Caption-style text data
---

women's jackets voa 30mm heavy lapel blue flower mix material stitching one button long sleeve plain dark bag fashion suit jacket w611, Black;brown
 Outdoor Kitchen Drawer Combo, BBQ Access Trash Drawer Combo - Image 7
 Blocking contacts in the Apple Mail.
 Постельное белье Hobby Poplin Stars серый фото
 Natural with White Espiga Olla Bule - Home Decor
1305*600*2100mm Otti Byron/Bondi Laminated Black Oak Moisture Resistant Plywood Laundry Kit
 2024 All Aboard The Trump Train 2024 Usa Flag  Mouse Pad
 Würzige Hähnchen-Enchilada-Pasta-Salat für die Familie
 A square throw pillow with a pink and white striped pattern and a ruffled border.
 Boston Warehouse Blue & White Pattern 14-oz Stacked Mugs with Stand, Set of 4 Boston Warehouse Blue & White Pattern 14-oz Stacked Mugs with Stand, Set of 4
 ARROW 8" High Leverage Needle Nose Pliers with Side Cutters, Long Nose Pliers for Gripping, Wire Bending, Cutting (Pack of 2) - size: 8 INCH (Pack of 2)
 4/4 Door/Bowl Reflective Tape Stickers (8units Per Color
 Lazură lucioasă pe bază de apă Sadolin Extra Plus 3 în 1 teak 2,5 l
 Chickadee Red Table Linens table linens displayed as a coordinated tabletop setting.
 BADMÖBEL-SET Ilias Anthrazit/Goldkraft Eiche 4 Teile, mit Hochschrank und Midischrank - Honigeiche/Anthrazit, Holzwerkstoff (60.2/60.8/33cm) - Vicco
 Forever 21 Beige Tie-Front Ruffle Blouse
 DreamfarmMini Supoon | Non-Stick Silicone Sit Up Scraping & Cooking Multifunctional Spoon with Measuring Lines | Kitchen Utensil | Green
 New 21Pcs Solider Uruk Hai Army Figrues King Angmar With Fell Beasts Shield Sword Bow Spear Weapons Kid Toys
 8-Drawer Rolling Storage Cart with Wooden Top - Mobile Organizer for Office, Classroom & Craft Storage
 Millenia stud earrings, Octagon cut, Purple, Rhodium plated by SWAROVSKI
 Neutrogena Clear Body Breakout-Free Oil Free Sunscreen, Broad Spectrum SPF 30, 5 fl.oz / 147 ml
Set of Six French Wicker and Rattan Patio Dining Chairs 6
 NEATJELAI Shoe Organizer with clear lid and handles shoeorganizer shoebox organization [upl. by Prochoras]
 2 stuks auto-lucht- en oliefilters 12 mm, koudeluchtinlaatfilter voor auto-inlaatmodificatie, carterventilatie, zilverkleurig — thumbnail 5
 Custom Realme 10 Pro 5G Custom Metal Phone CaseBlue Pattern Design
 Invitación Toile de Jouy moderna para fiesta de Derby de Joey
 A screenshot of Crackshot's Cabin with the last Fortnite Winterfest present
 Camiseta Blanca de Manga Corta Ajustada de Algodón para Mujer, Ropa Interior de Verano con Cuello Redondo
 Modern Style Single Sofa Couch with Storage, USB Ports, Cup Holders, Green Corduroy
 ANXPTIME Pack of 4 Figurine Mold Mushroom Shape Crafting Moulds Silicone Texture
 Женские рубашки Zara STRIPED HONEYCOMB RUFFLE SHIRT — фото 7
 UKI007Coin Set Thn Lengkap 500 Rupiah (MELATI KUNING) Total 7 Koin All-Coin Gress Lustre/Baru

---

__Task objective__
Look above for the line containing "Millenia stud earrings, Octagon". From there to the final line of the entries, repeat every line exactly.

__Answer for this exercise__
 Millenia stud earrings, Octagon cut, Purple, Rhodium plated by SWAROVSKI
 Neutrogena Clear Body Breakout-Free Oil Free Sunscreen, Broad Spectrum SPF 30, 5 fl.oz / 147 ml
Set of Six French Wicker and Rattan Patio Dining Chairs 6
 NEATJELAI Shoe Organizer with clear lid and handles shoeorganizer shoebox organization [upl. by Prochoras]
 2 stuks auto-lucht- en oliefilters 12 mm, koudeluchtinlaatfilter voor auto-inlaatmodificatie, carterventilatie, zilverkleurig — thumbnail 5
 Custom Realme 10 Pro 5G Custom Metal Phone CaseBlue Pattern Design
 Invitación Toile de Jouy moderna para fiesta de Derby de Joey
 A screenshot of Crackshot's Cabin with the last Fortnite Winterfest present
 Camiseta Blanca de Manga Corta Ajustada de Algodón para Mujer, Ropa Interior de Verano con Cuello Redondo
 Modern Style Single Sofa Couch with Storage, USB Ports, Cup Holders, Green Corduroy
 ANXPTIME Pack of 4 Figurine Mold Mushroom Shape Crafting Moulds Silicone Texture
 Женские рубашки Zara STRIPED HONEYCOMB RUFFLE SHIRT — фото 7
 UKI007Coin Set Thn Lengkap 500 Rupiah (MELATI KUNING) Total 7 Koin All-Coin Gress Lustre/Baru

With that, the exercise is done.